Currently, a group of 108 women and children from Albania, Kosovo and North Macedonia want to return to the Balkans from the Al Hol camp. There are a small number of ethnic Albanian families in two other camps in Syria.
According to a 2017 study by the New York-based Soufan Center, a research body focused on global security, that year around 90 people from Albania were still with the Islamic State, 138 from Kosovo and around 140 from North Macedonia.
The caliphate may have been toppled, but the way home for such women and children looks more complicated than they could probably have imagined, with authorities in the three Balkan states reluctant to see them return and so far without a plan as to how they would be repatriated.
‘These children are victims’
Photo: BIRN
Al Hol is comprised of thousands of tents behind a fence perimeter in the Syrian province of al-Hasakah. According to the United Nations, it currently holds some 73,000 people.
According to the UN Office for the Coordination of Humanitarian Affairs, some 65 per cent of people in the camp are children under the age of 18. Roughly 27 per cent of the total are women.
Internally displaced Syrians and Iraqi refugees make up the large majority, but 15 per cent are so-called third-country nationals.
Al Hol camp
Kosovo – Total 48 – 38 children and 10 women (At least 14 children were born in Syria)
Albania – Total 52 – 41 children and 11 women (Thirteen children were born in Syria)
North Macedonia – Total 8 – six children and two women
Total – 108 people from 3 countries
Many of the Albanian women and their children are desperate to return home.
“They have us under surveillance and we are surrounded by wires and soldiers,” a child can be heard telling a relative in Albania on an audio recording listened to by BIRN. “I cannot talk often but please speak to our state so they come and take us.” An infant can be heard crying in the background.
Elodie Schindler, a spokeswoman for Europe & Central Asia at International Committee of the Red Cross, ICRC, said women and children in the camps required special protection.
Schindler said that many children were without official citizenship, had no access to schooling and were vulnerable to abuse and sickness.

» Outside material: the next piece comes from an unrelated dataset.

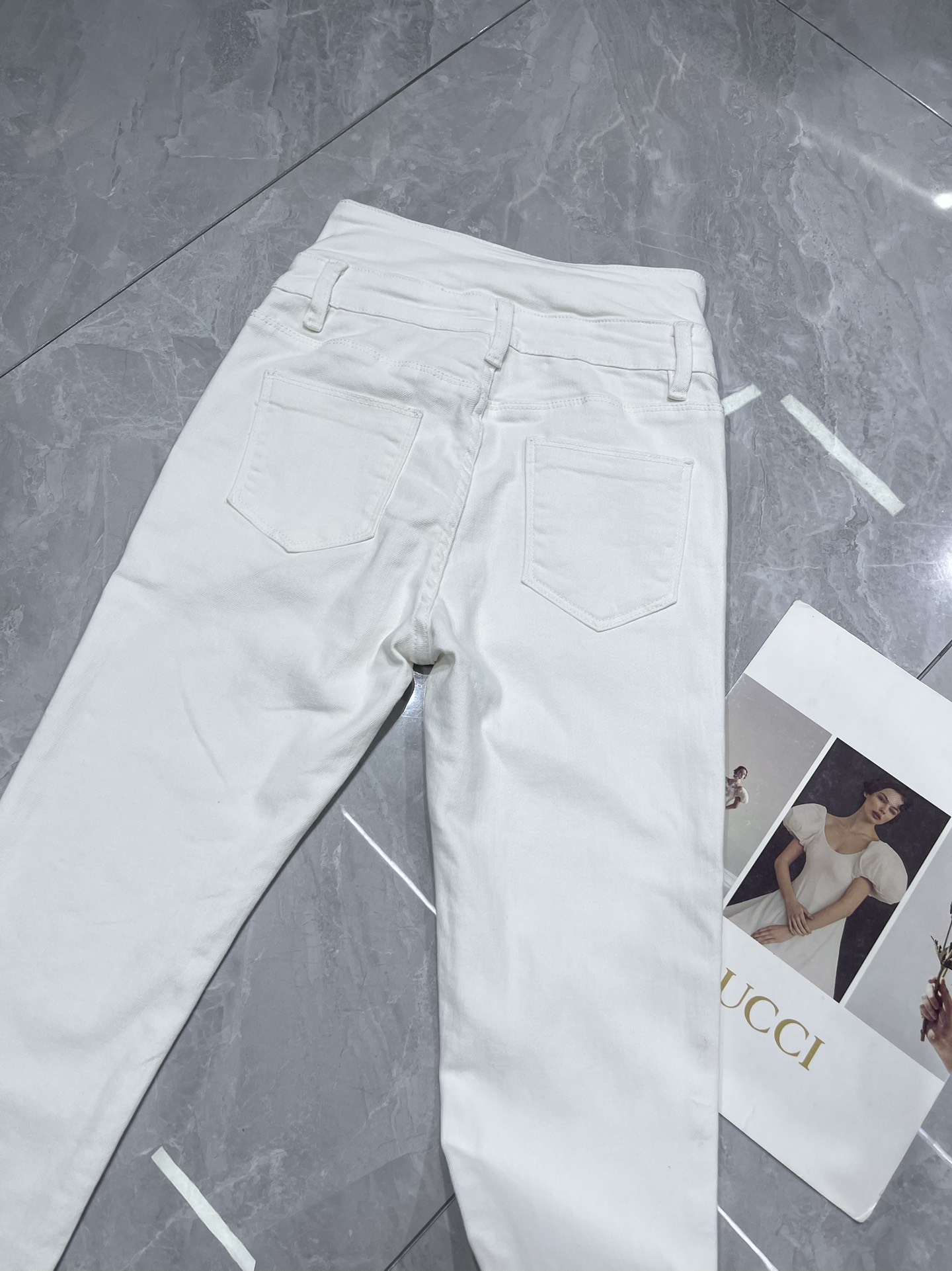 High-Quality Women’s Balmai* Clothes: High-Waist Button Shorts & Skinny Jeans in Blue, Black, White - 图片 8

“The children in this story deserve our humanity, not our hatred,” Schindler told BIRN. “These children are victims who must not be punished for the sins of their parents… Many don’t have enough food. They must be treated better.”
Little state action
A general view over destroyed parts of al-Hajar al-Aswad neighborhood in south Damascus, Syria, 2018. Photo: PA-EFE/YOUSSEF BADAWI
BIRN asked the interior ministries of Albania, Kosovo and North Macedonia whether they had identified and contacted their citizens in the camps.
The Albanian ministry did not reply. Kosovo’s declined to comment, while the ministry of interior of North Macedonia said it had identified four Macedonian women and their seven children.

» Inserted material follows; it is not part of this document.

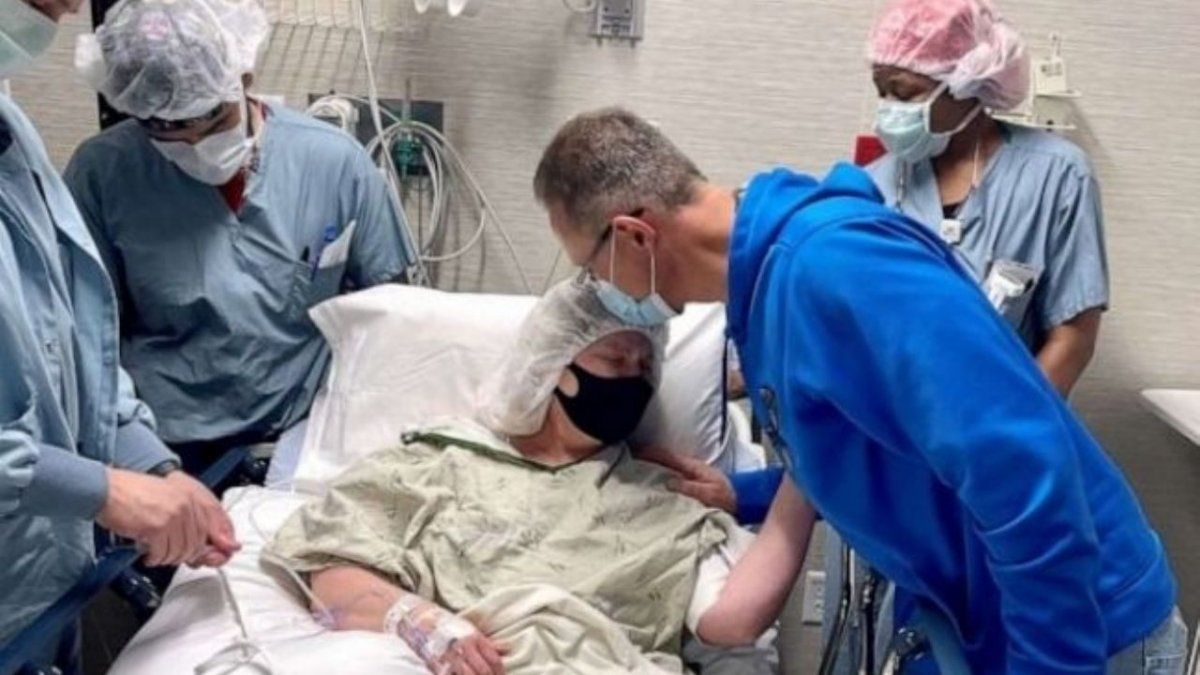 Robin Mach le donó un riñón a su alumna de cinco años.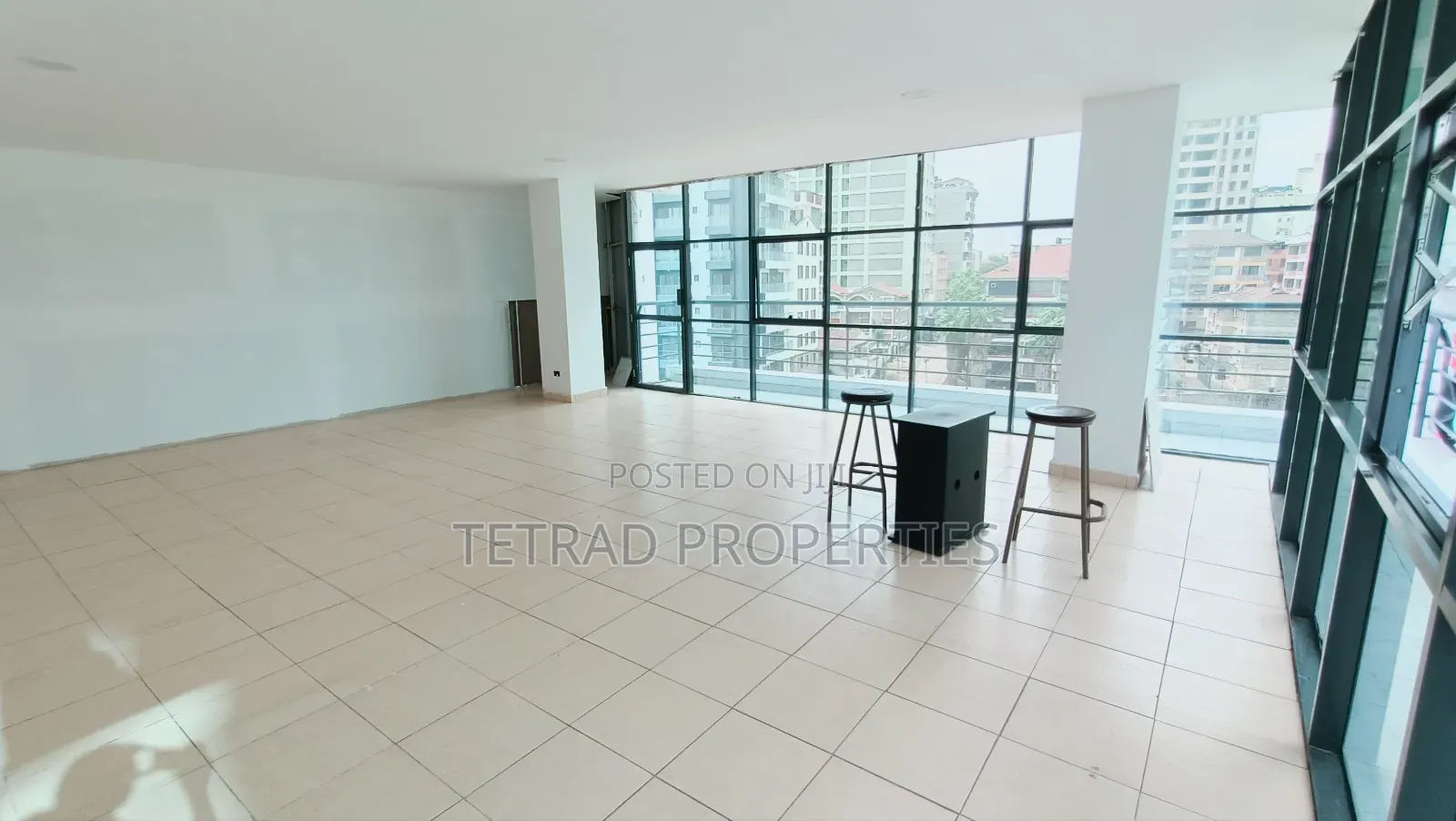 1000 SQFT Office in Parklands (City Park Area)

“They have established contact with the aim of receiving documents and facilitation of transport from Syria to North Macedonia,” said a spokesperson at the ministry.
The ministry said it had no jurisdiction to facilitate their return from Syria and did not specify whether any other state institution was dealing with the issue.

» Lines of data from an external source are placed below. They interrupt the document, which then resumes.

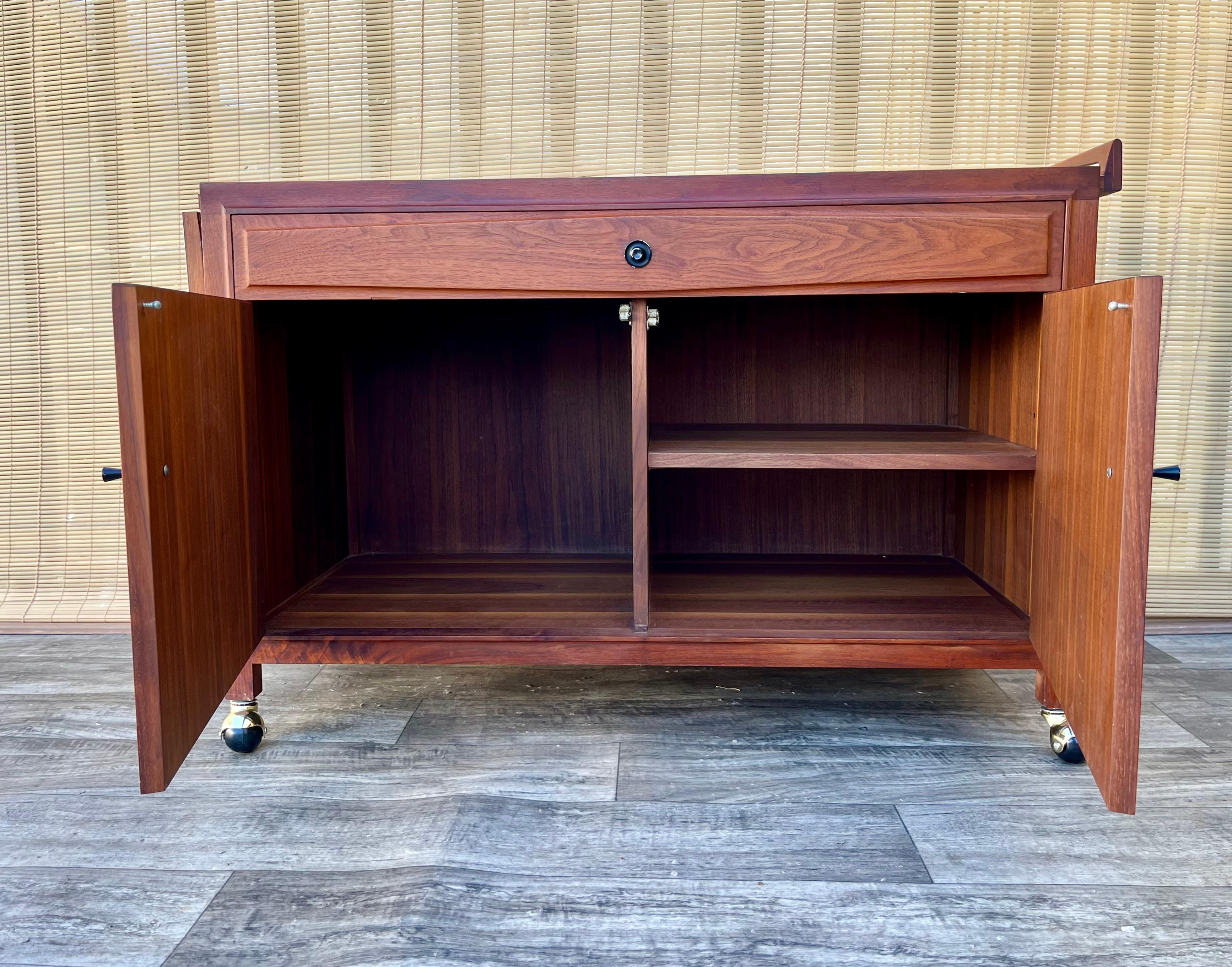 Mid Century John Stuart Buffet Server / Bar Cart. Circa 1960s.  For Sale 5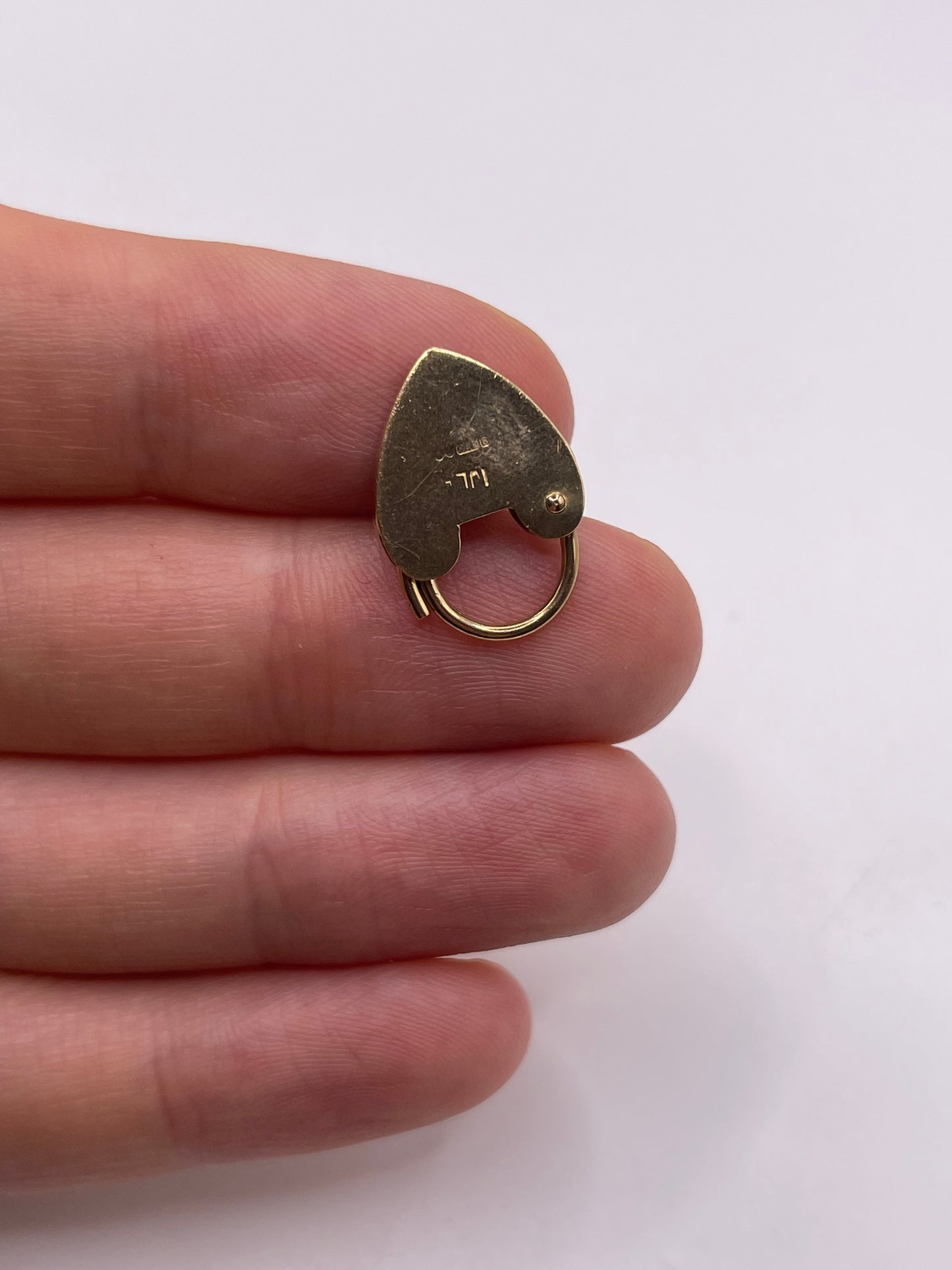 9ct gold padlock 3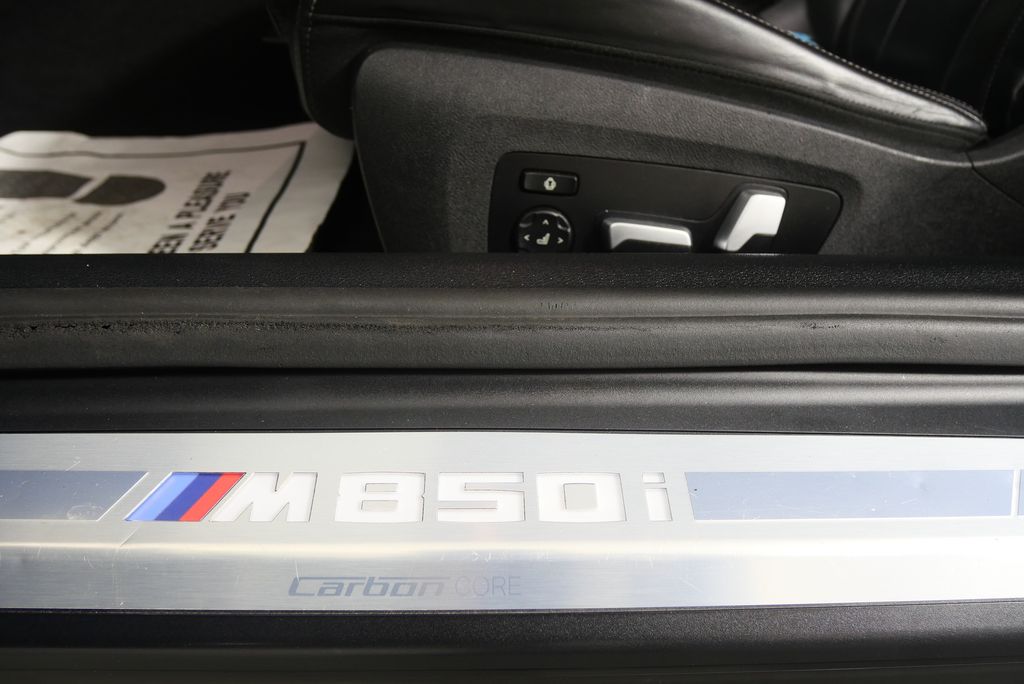 Thumbnail: 2021 BMW 8 Series - 13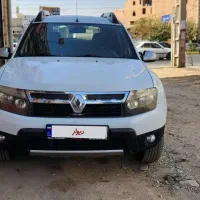 رنو داستر بی رنگ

It said that since the start of the conflict, in 2011, some 80 Macedonian citizens who were part of Islamic State had returned home, including one women and one child.
In Kosovo, Bedri Elezi, director for security studies at the Kosovo Institute of International Studies, said the country had neglected the issue.
Elezi told BIRN that in September 2017 his Institute made contact with six women and 21 children in Syria who wanted to return in Kosovo, but that it was unable to facilitate a deal with the Kosovo authorities to bring them back.
“The group stayed for one month near the Turkish border waiting for the approval of the Kosovo authorities to return,” he said.
“We contacted the foreign minister, the prime minister’s office, the president, the speaker of the parliament, but they didn’t come up with a solution.”
The ICRC, Schindler said, encourages states to balance issues of security and accountability with the need to treat people humanely.
“Countries of origin cannot turn their backs,” she said.